15 de mayo de 2021
Directores
Orlando Cadavid Correa
Evelio Giraldo Ospina

Acuerdo de paz

14 de septiembre de 2016
Por Hernando Arango Monedero
Por Hernando Arango Monedero
14 de septiembre de 2016

Hernando Arango Monedero

hernando arangoAún no termino de leer el Acuerdo de Paz.
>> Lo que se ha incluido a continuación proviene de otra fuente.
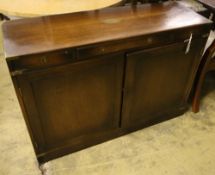 A military style mahogany and brass bound cabinet, width 109cm depth 37cm height 77cm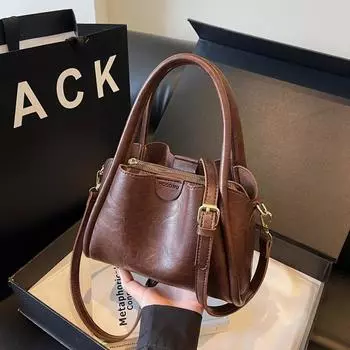 Женская новая сумка через плечо, однотонная сумка из искусственной кожи, модная повседневная сумка через плечо чёрный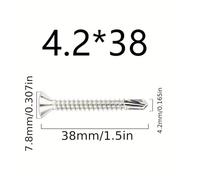 Vis autotaraudeuses à tôle en acier inoxydable 410, à tête plate, haute résistance, autoperceuses rapides, #8 M4.2 410, 50 pièces(4.2x 38 50PCs)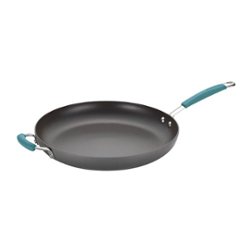 Rachael Ray - Cucina 14-Inch Skillet with Helper Handle - Gray with Blue Handles - Angle_Zoom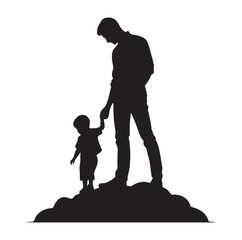 Father and son silhouette vector illustration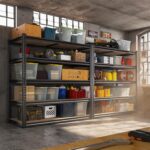 REIBII 2500LBS Garage Shelving 72''H Storage Shelves Heavy Duty Shelving 5 Tier Metal Shelves for Garage Shelves Adjustable Shelving Units and Storage for Closet Pantry Shelf, 72" H x 40" W x 20" D,2P - Image 2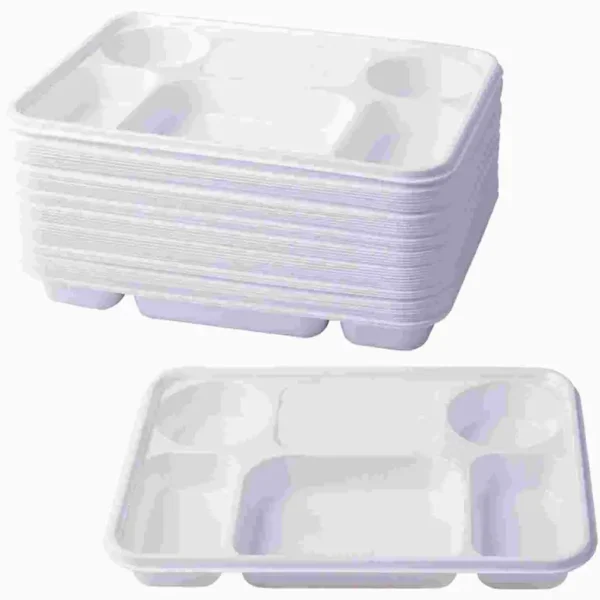 6 COMPARTMENT DISPOSABLE PLASTIC PLATE 25 PCS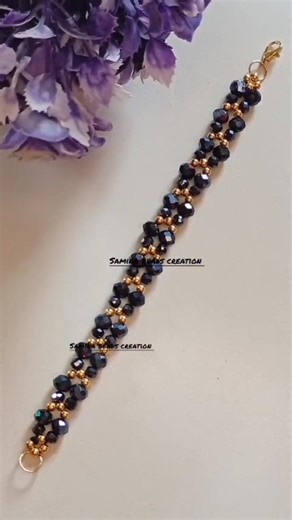 Beautiful Handmade Crystal Beads Bracelet 🖤✨ || Beads Bracelet Tutorial for beginners #diy #bracelet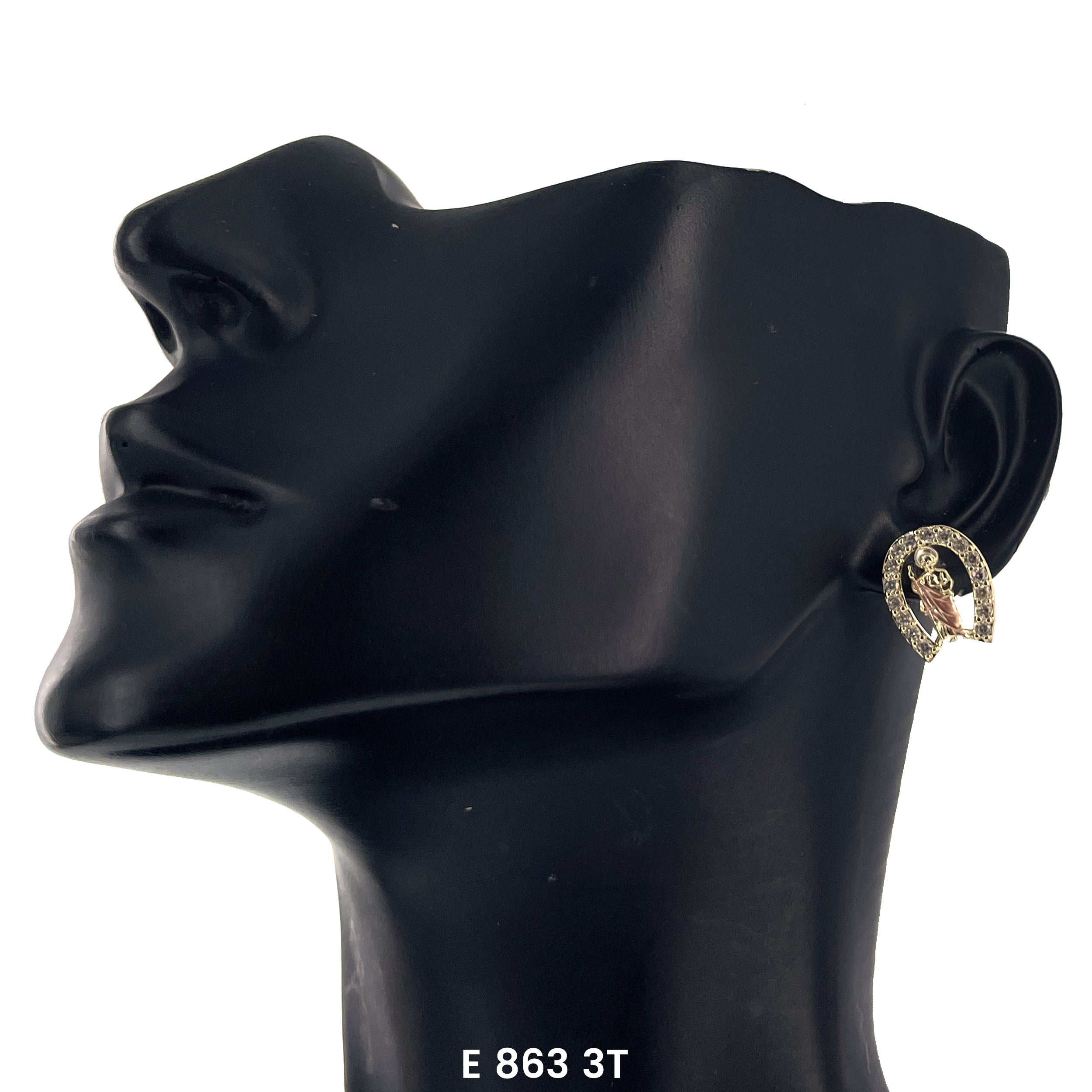 San Judas Horseshoe Stud Earrings E 863 3T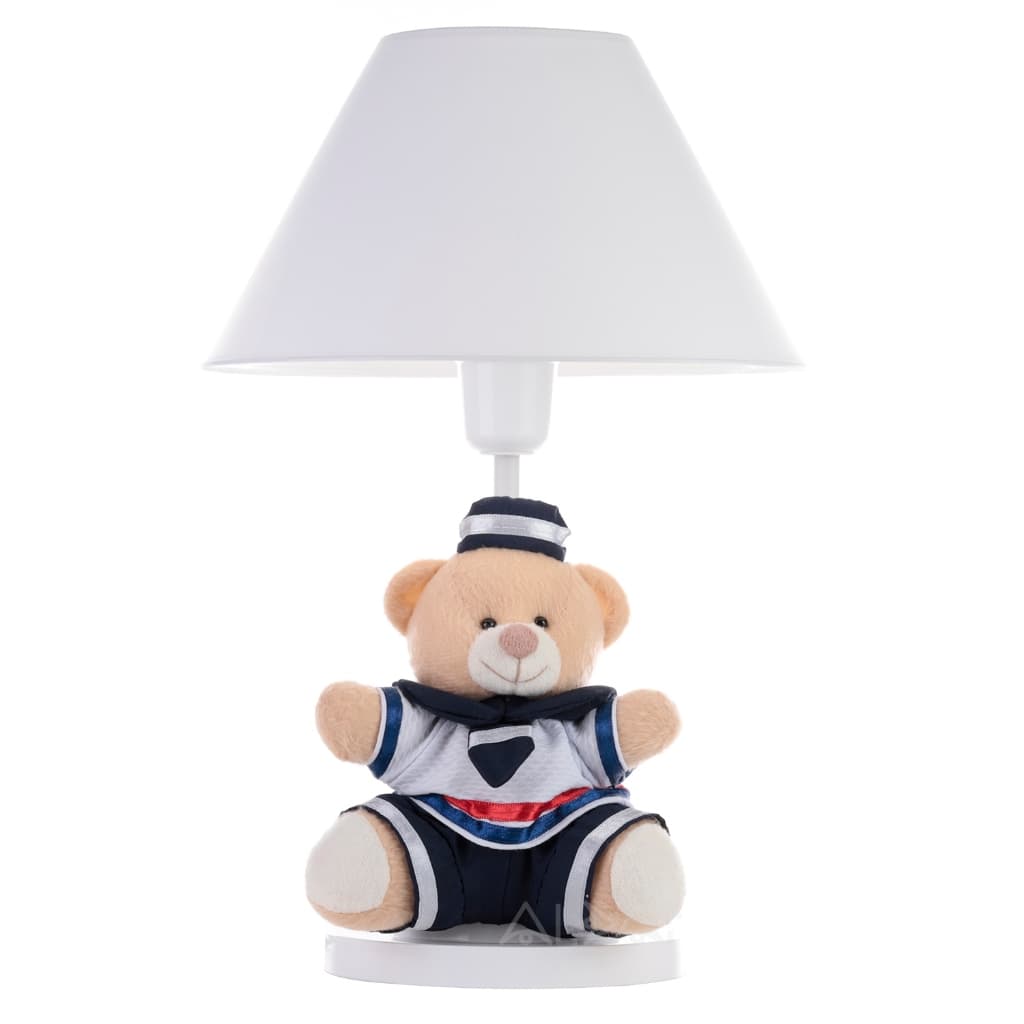 Abajur Infantil Quarto Bebê Menino Luminária Ursinho Marinheiro + Lâmpada De Brinde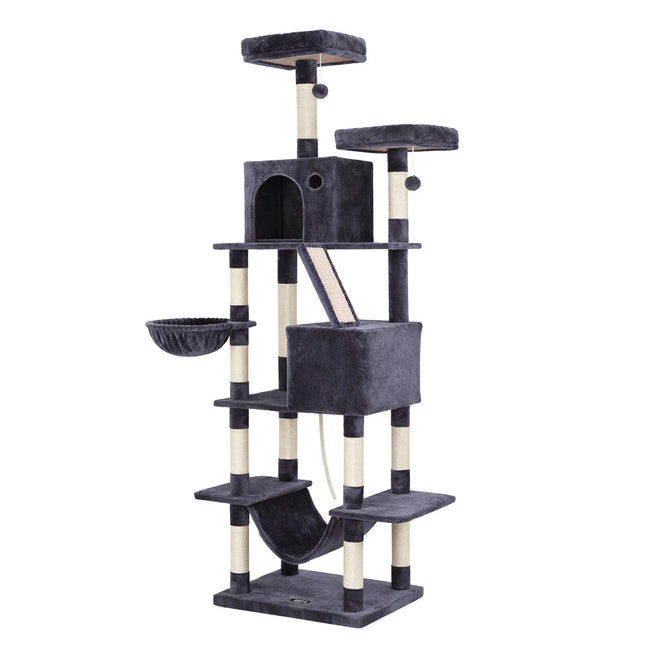 i.Pet Cat Tree Tower 206cm Large Scratching Post Furniture Scratcher House Grey.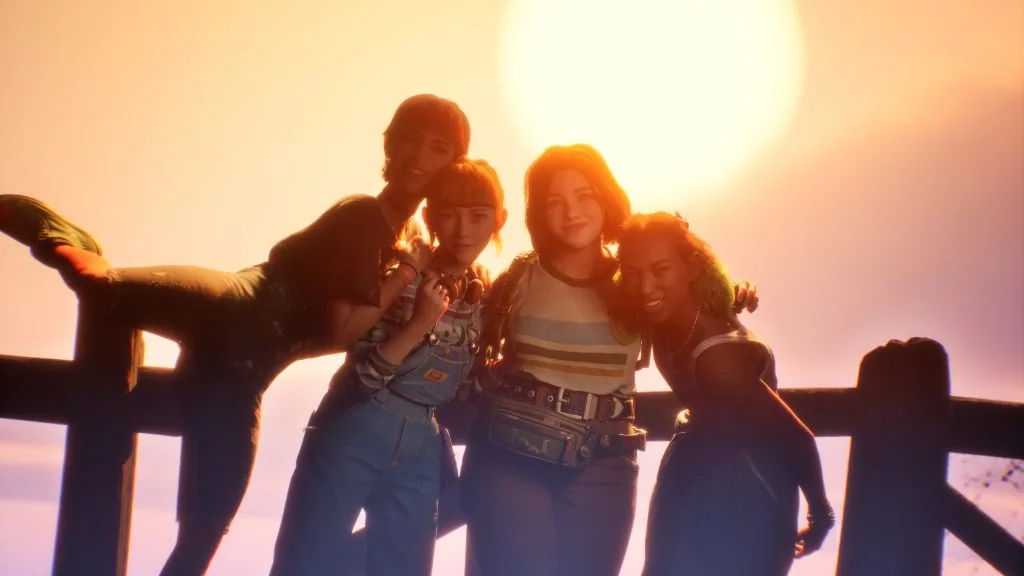 Four teenage friends pose together at sunset in Lost Records: Bloom & Rage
Y no lo termino de leer, porque a cada renglón encuentro algo que es necesario evaluar, y evaluar por lo que de ese renglón se deriva como compromiso que debemos cumplir nosotros, entendiendo por nosotros el Estado, quien al final de cuentas tendrá la obligación desde el punto de vista operativo y pecuniario, obligación que nos deferirá a nosotros, los paga impuestos.

Y es que por todas partes saltan obligaciones: Las unas para darle oxígeno al nuevo movimiento político que nace; Las otras para el establecimiento de una comisión, sea ella el Tribunal de Justicia Transicional; O las que han de soportar investigaciones o recibir versiones o verificar situaciones tendientes a acusar o exonerar a quienes se vean involucrados en los crímenes, por acción, omisión o simple apoyo; O la comisión que ha de vigilar que se lleven a feliz término los programas de desarrollo agrícola; O la que ha de establecer la propiedad de las tierras que han pasado de unos a otros con el aval de la palabra del campesino que se largó para la ciudad ante las amenazas o en busca de un mejor vivir, atraído por los espejos de la civilización que le auguraban maravillas, maravillas que son las responsables del éxodo que en el mundo se viene dando con la urbanización desmedida producto de la migración a las urbes; O Juntas o comités de zonas campesinas que esperan los recursos que en el Acuerdo se pactan para darle vía al nuevo campo que exige asistencia técnica, préstamos blandos y hasta condonables, semillas y demás insumos que se requieren para lo que se establece en las 297 páginas; O las indemnizaciones por expropiación de tierras; O el personal que se requerirá para actualizar el Catastro, de tal manera que se puedan definir las áreas que en total den por resultado los 10 millones de hectáreas que albergarán los planes campesinos. Agregar a esto los recursos de que hay que disponer para la erradicación de cultivos ilícitos, bien sea de forma voluntaria, en donde hay que dar créditos, subsidios y apoyo tecnológico a los campesinos ayer incitados a sembrar por la razón o por la fuerza de los mismos que, ahora, fungirán de erradicadores; erradicadores que tendrán que tener salario, cuyo costo se agregará a lo que ya no alcanzamos a cuantificar.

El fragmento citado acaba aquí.